Mogliśmy wreszcie popracować
Sebastian Świderski na falach Park FM
- Do każdego meczu podchodzimy tak samo i naszych rywali nie dzielimy na lepszych i gorszych - mówi Sebastian Świderski, który podkreśla, że ewentualna zmiana na pozycji lidera tabeli na tym etapie rozgrywek nie jest najważniejsza. - Jeśli liderem zostanie Delecta, a tak może sie zdarzyć, to trzeba pamiętać, że mecz z nimi jeszcze jest przed nami, a mamy z nimi pewne porachunki z pierwszej rundy, bo właśnie w Bydgoszczy ponieśliśmy pierwszą porażkę, a teraz mecz gramy na własnym terenie.
Do meczu ze Skrą ZAKSA przygotowuje się więc jak do każdego spotkania, z tym że od dłuższego czasu zespół mógł więcej potrenować, bo nie grał spotkania w środku tygodnia. - Ostatnie tygodnie były bardzo męczące, więc teraz mogliśmy się skupić nie na podróżach tylko na pracy, przede wszystkim nad indywidualną techniką i na przygotowaniach do tego konkretnego meczu. Na parkiecie jutro na pewno nie zobaczymy Pawła Zagumnego, który ma jeszcze problemy z palcem i przez tydzień albo dwa będzie pauzował. Co do Mineiro, to na razie trudno powiedzieć, czy będzie na meczu, bo to kwestia chociażby punktualności linii lotniczych, ale mamy nadzieję, że jutro się pojawi.
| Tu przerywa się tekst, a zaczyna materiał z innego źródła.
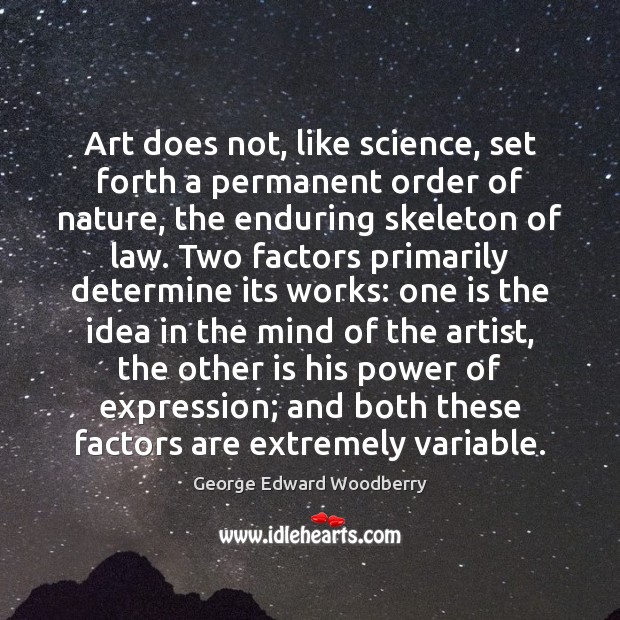 Art does not, like science, set forth a permanent order of nature, George Edward Woodberry Picture Quote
Na pewno nie zagra, ale już od dwóch tygodni trenuje według cyklu rozpisanego przez trenera Castellaniego, a po przylocie zobaczymy, w jakiej jest formie. Na pewno będzie nam potrzebny jak każdy zdrowy zawodnik.
Mówiąc o losowaniu Ligi Mistrzów Sebastian Świderski zwrócił uwagę, że o wynikach losowania też nie decyduje tylko ślepy los, ale i różne inne względy proceduralne. To sprawiło, że losowani byliśmy według pewnego systemu, aby uniknąć chociażby ewentualnego spotkania dwóch zespołów z jednego kraju w finale. Los podarował nam Noliko Maaseik, co jest na pewno dobrym wynikiem. - Mogliśmy trafić tak jak Rzeszów na Maceratę. Trafiliśmy na Belgów i , patrząc na pierwsze miejsca w grupach, uważam, że jest to najsłabszy rywal, ale o tym, czy słabszy od nas trzeba będzie udowodnić na boisku. Belgowie pokonując dwa razy Izmir, pokazali, że potrafią grać w siatkówkę, dlatego do tych meczów będziemy się przygotowywać jak do Maceraty czy Trentino.
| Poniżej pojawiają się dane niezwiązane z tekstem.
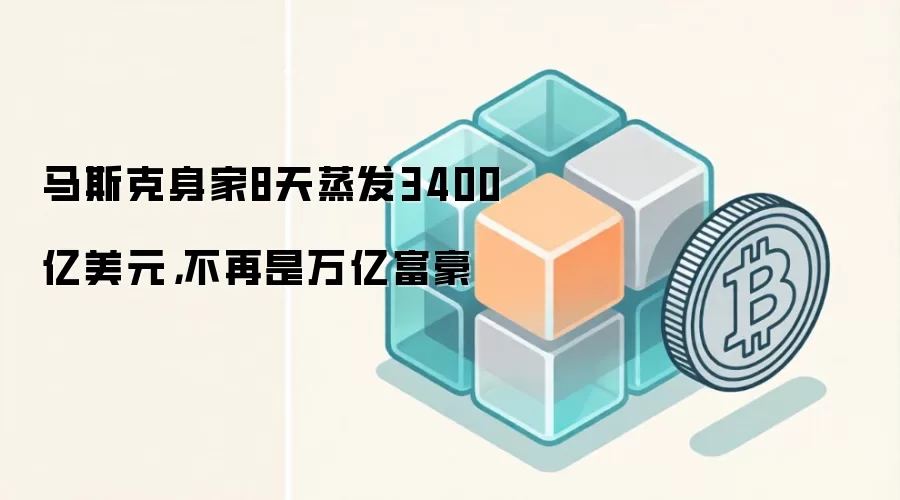 马斯克身家8天蒸发3400亿美元,不再是万亿富豪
Występ Krzysztofa Zapłackiego, a szczególnie Łukasza Koziury w meczach ZAKSY był okazją do odpowiedzi na pytanie o przyszłość tych młodych chłopaków. - Wiele tu zależy od nich, ale wspólne treningi z zawodnikami Plusligi oraz występy w meczach ligowych i pucharowych mocno pchnęły ich umiejętności i kariery.
Ostatnie dni to nie tylko treningi, ale również atmosfera Świąt. ZAKSA miała już swoje klubowe spotkanie opłatkowe, w którym uczestniczyli zarówno przedstawiciele sponsorów jak i miasta oraz Urzędu Marszałkowskiego. - Takie spotkania są niezwykle cenne - mówi Sebastian - bo pokazują tym ludziom i instytucjom, że pieniążki wykładane na klub idą w dobre ręce. Była miła atmosfera. A po meczu już Święta w domu. Będzie trochę wolnego i spotkanie w gronie rodzinnym i odpoczynek przez kilka dni od siatkówki.